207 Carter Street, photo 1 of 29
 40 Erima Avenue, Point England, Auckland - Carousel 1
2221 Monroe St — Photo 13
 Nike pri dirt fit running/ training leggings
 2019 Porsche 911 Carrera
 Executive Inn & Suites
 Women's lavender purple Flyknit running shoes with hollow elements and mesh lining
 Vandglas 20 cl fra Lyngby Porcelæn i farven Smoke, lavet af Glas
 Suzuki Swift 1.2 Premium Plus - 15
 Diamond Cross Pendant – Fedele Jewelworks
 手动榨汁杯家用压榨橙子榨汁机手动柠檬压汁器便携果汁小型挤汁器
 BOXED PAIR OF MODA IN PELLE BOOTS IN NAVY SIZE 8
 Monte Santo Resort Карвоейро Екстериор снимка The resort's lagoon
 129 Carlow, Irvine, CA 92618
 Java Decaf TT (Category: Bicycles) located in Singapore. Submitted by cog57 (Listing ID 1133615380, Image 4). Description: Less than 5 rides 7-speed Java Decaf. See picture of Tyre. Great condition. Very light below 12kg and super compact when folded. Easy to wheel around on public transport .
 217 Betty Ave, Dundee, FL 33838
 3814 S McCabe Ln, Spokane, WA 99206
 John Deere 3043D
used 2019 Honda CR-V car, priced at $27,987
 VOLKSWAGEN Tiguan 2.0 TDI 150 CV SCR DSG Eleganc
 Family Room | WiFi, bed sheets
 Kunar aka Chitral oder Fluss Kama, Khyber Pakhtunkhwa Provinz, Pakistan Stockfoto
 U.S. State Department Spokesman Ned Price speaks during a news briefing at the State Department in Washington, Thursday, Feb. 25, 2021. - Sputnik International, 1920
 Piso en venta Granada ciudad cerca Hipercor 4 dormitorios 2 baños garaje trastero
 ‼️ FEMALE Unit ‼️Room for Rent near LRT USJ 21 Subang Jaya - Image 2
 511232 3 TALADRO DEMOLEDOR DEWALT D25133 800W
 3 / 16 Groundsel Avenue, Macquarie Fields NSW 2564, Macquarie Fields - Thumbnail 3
──────
## ASSIGNMENT
Each record above is to be given again without any change to its wording.

## RESPONSE TO THIS EXERCISE
207 Carter Street, photo 1 of 29
 40 Erima Avenue, Point England, Auckland - Carousel 1
2221 Monroe St — Photo 13
 Nike pri dirt fit running/ training leggings
 2019 Porsche 911 Carrera
 Executive Inn & Suites
 Women's lavender purple Flyknit running shoes with hollow elements and mesh lining
 Vandglas 20 cl fra Lyngby Porcelæn i farven Smoke, lavet af Glas
 Suzuki Swift 1.2 Premium Plus - 15
 Diamond Cross Pendant – Fedele Jewelworks
 手动榨汁杯家用压榨橙子榨汁机手动柠檬压汁器便携果汁小型挤汁器
 BOXED PAIR OF MODA IN PELLE BOOTS IN NAVY SIZE 8
 Monte Santo Resort Карвоейро Екстериор снимка The resort's lagoon
 129 Carlow, Irvine, CA 92618
 Java Decaf TT (Category: Bicycles) located in Singapore. Submitted by cog57 (Listing ID 1133615380, Image 4). Description: Less than 5 rides 7-speed Java Decaf. See picture of Tyre. Great condition. Very light below 12kg and super compact when folded. Easy to wheel around on public transport .
 217 Betty Ave, Dundee, FL 33838
 3814 S McCabe Ln, Spokane, WA 99206
 John Deere 3043D
used 2019 Honda CR-V car, priced at $27,987
 VOLKSWAGEN Tiguan 2.0 TDI 150 CV SCR DSG Eleganc
 Family Room | WiFi, bed sheets
 Kunar aka Chitral oder Fluss Kama, Khyber Pakhtunkhwa Provinz, Pakistan Stockfoto
 U.S. State Department Spokesman Ned Price speaks during a news briefing at the State Department in Washington, Thursday, Feb. 25, 2021. - Sputnik International, 1920
 Piso en venta Granada ciudad cerca Hipercor 4 dormitorios 2 baños garaje trastero
 ‼️ FEMALE Unit ‼️Room for Rent near LRT USJ 21 Subang Jaya - Image 2
 511232 3 TALADRO DEMOLEDOR DEWALT D25133 800W
 3 / 16 Groundsel Avenue, Macquarie Fields NSW 2564, Macquarie Fields - Thumbnail 3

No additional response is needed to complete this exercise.